Meme – Adaptive Action
The second key capability of an Innovation Team is Adaptive Action.
Ground breaking enterprise innovations are notoriously difficult to deliver. The failure rate for complex original projects delivered in chaotic environments is depressingly high. Adaptive Action can be used to augment traditional project management techniques to increase the ability of teams to deliver original new ideas.
The tenets of planning and control that underlie Traditional Project management rely heavily on assumptions that:
- Tasks can be defined in advance and will remain relatively stable over the project life
- Scope and complexity can be bounded. Out of bound items won’t impact success.
- Risks can be defined in advance and proactively managed.
These assumptions have limited validity for projects which track closely to the status quo … enhancements or deployments of standardized business solutions. They break down badly when projects are original, cross enterprise, and chaotic.
Risk management and control cannot entirely rely on up front planning and control. There must also be a capability to adapt to newly discovered issues, new insights, and changes in scope, design and implementation.
This “Adaptive” capability requires specific support in the team design:
Action Heroes – a role outside project management with the responsibility to drive adaptive responses to problems
Cross Project Problem Solvers – resources (potentially including the Business Innovation Architect) who are available to analyze and respond to unexpected problems. A key aspect of this role is assuring that fixes and changes provide a workable solution across the entire application.
In addition, the culture of team leadership must view the use of agile “Adaption” as a valid response to program issues.
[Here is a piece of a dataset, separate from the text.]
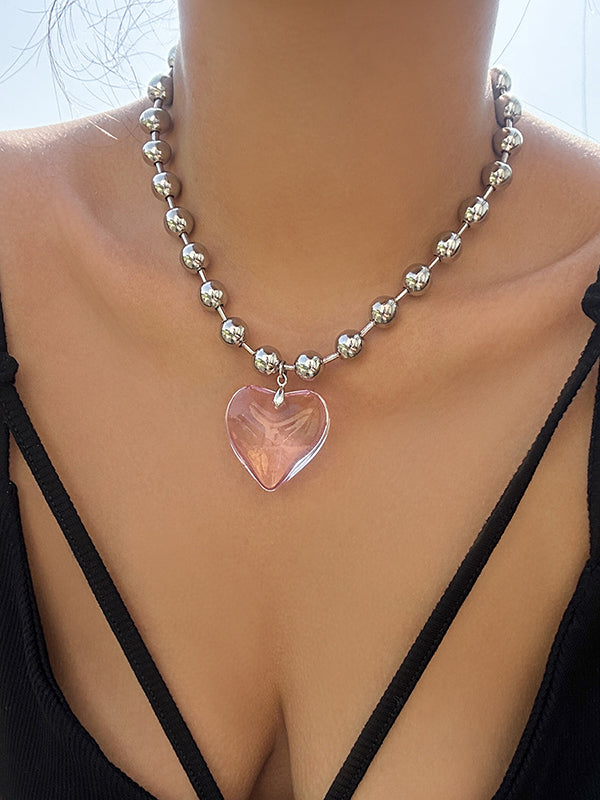 Collier perlé brillant délicat en forme de cœur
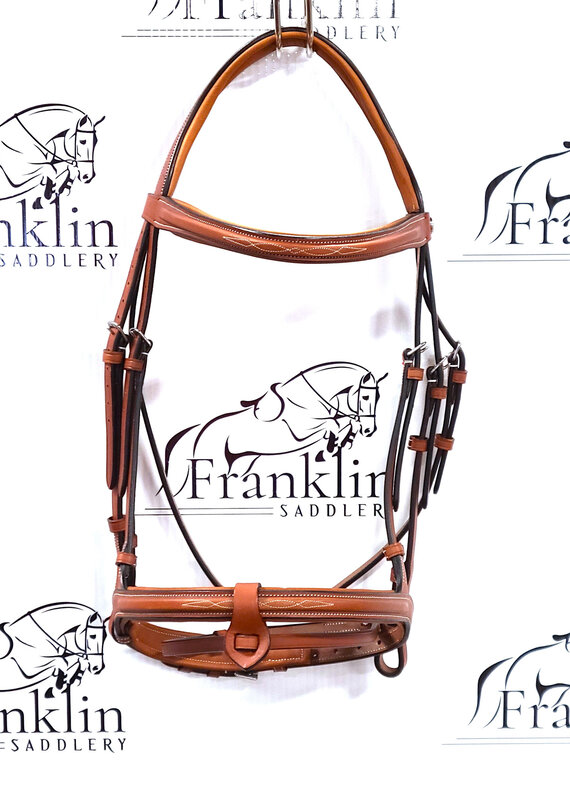 Butet *New Updated* Butet Combined (Flash) Noseband Sports Bridle Gold Full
The practice of punishing changes as violations of plan is counter productive when change is an inevitable part of the project execution.
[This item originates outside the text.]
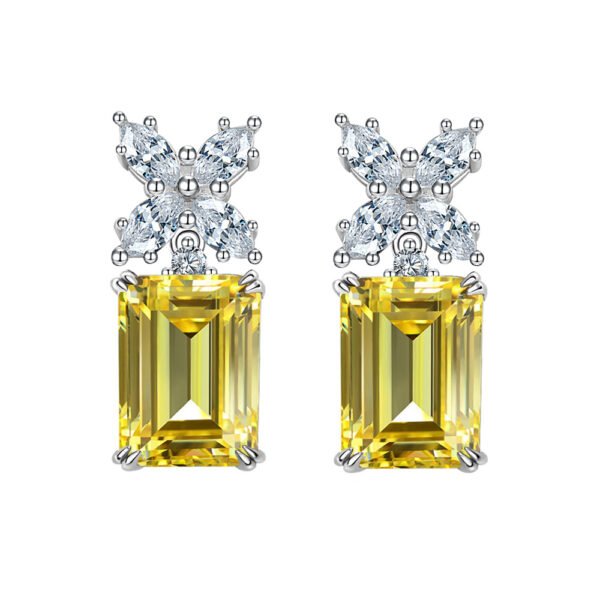 Vintage Emerald Cut Created Gemstone S925 Drop Earrings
Embrace the reality of chaos. Learn to effectively adapt to new information, changes in design, and unexpected challenges.
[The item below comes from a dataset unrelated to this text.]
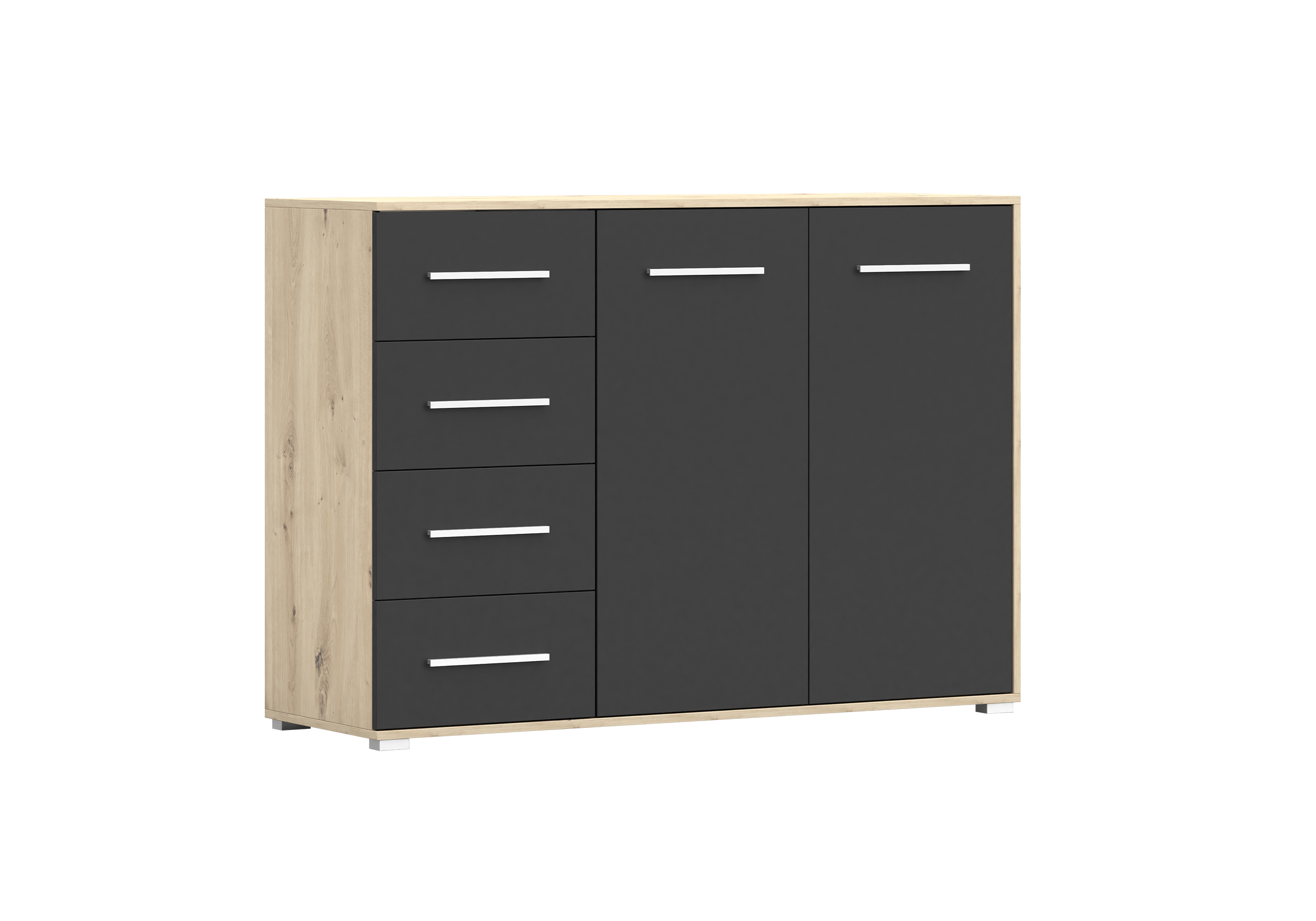 IDZ Komoda FRIDA 2D4S 01, 135 cm Černá / Dub Artisan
- Who on the team is responsible for identifying gaps that no one is addressing?
- Who on the team solves unexpected problems?
- Who on the team makes sure that evolving designs and implementation choices are consistent and support the ultimate program goals?
- Who can cross program boundaries and get action?
- Who has responsibility for making sure the project delivers its promised business value?
- Who can throw out obsolete project plan assumptions?